◆ WORK ORDER ◆
Reproduce without any pictures the lines from the one that contains "Beautiful 2BD/2BA condo" through the end of the records, exactly as written.

◆ DATA EXCERPTS ◆
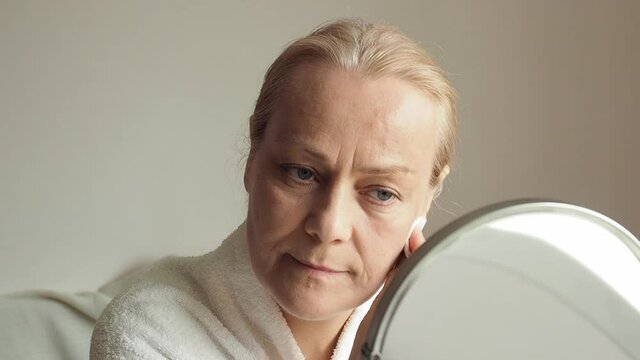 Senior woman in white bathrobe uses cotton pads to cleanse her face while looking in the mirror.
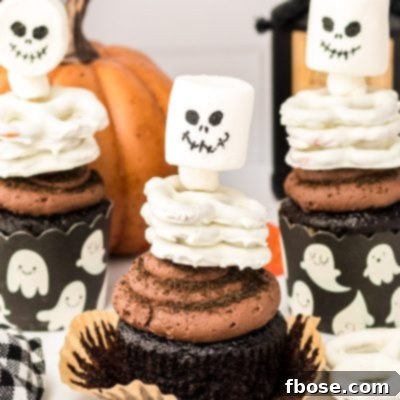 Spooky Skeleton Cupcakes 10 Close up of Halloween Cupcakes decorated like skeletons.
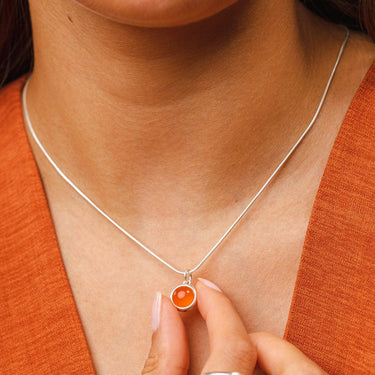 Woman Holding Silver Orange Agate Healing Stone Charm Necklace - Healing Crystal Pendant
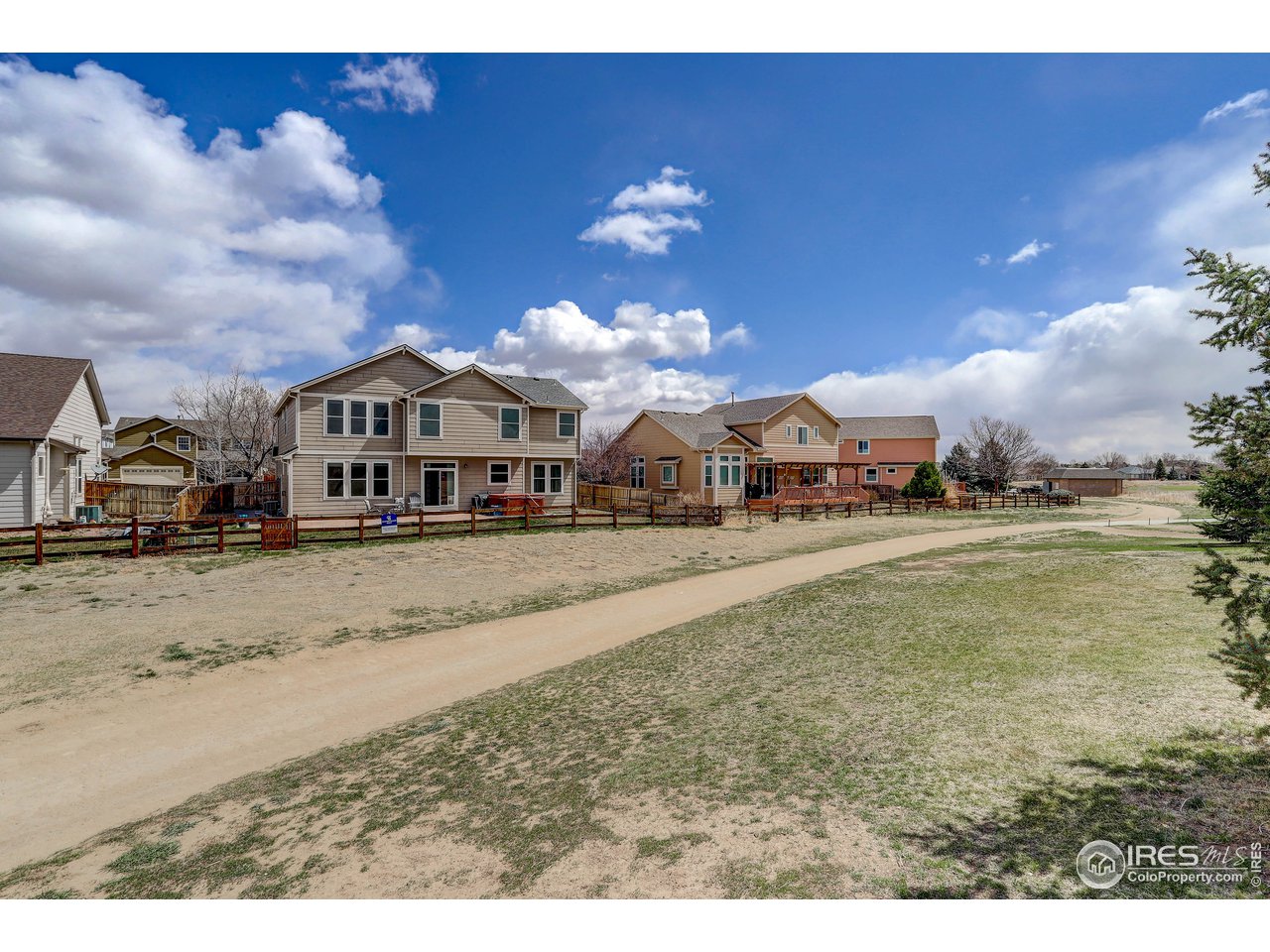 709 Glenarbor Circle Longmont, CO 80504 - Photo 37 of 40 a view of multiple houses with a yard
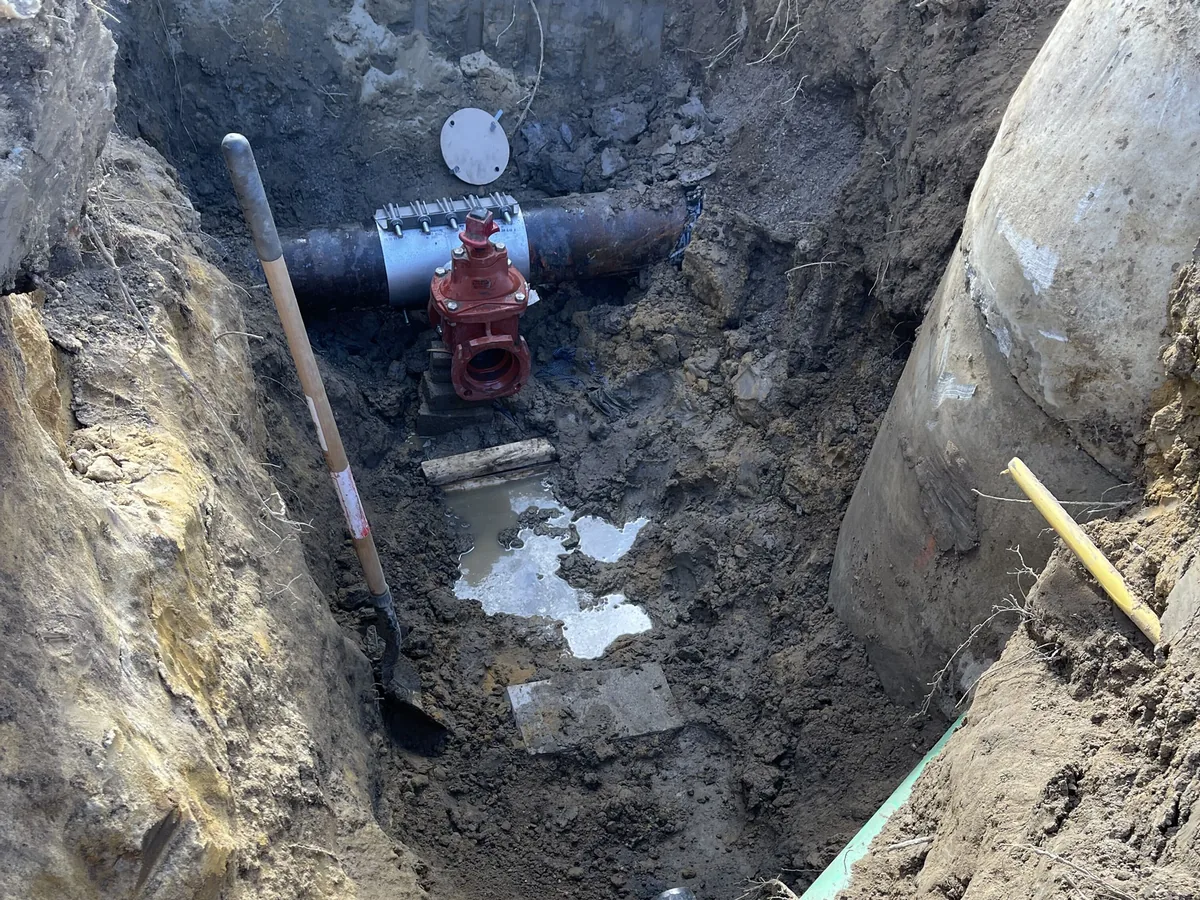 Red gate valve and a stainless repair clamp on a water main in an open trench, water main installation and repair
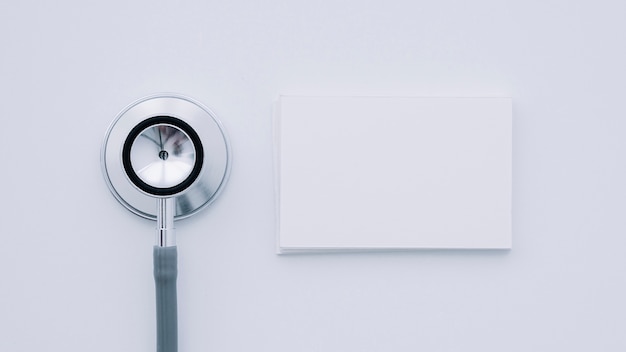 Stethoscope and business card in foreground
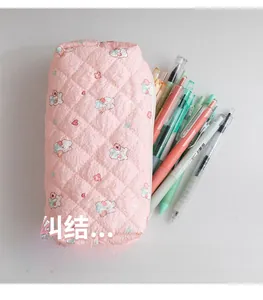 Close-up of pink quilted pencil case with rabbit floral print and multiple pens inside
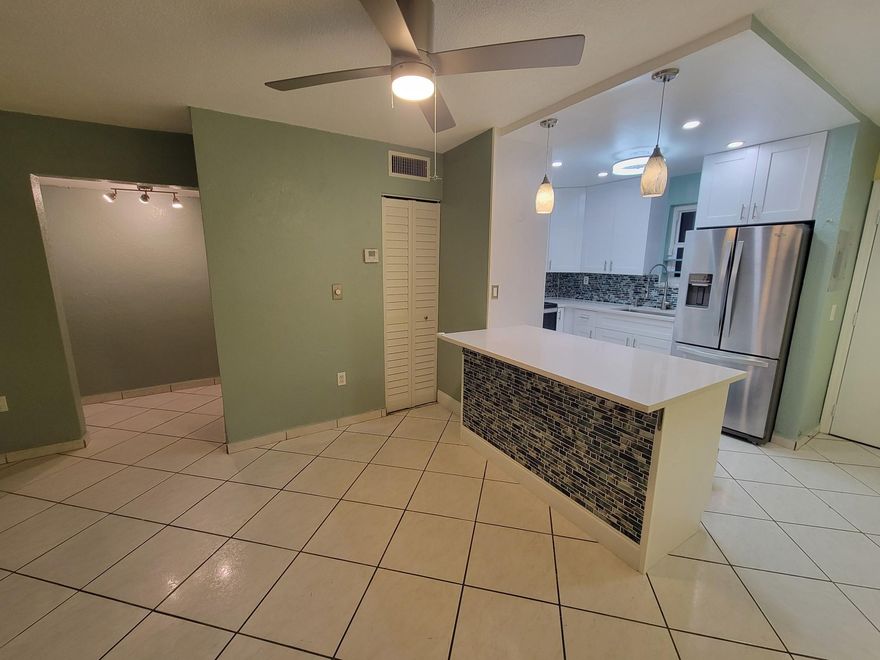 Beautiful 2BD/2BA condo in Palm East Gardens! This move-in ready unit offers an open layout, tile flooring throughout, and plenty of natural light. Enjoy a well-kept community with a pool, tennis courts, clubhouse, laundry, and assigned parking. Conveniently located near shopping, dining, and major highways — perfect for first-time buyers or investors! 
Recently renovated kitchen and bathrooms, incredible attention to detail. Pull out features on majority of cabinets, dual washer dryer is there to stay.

◆ ANSWER TO THE EXERCISE ◆
 Beautiful 2BD/2BA condo in Palm East Gardens! This move-in ready unit offers an open layout, tile flooring throughout, and plenty of natural light. Enjoy a well-kept community with a pool, tennis courts, clubhouse, laundry, and assigned parking. Conveniently located near shopping, dining, and major highways — perfect for first-time buyers or investors! 
Recently renovated kitchen and bathrooms, incredible attention to detail. Pull out features on majority of cabinets, dual washer dryer is there to stay.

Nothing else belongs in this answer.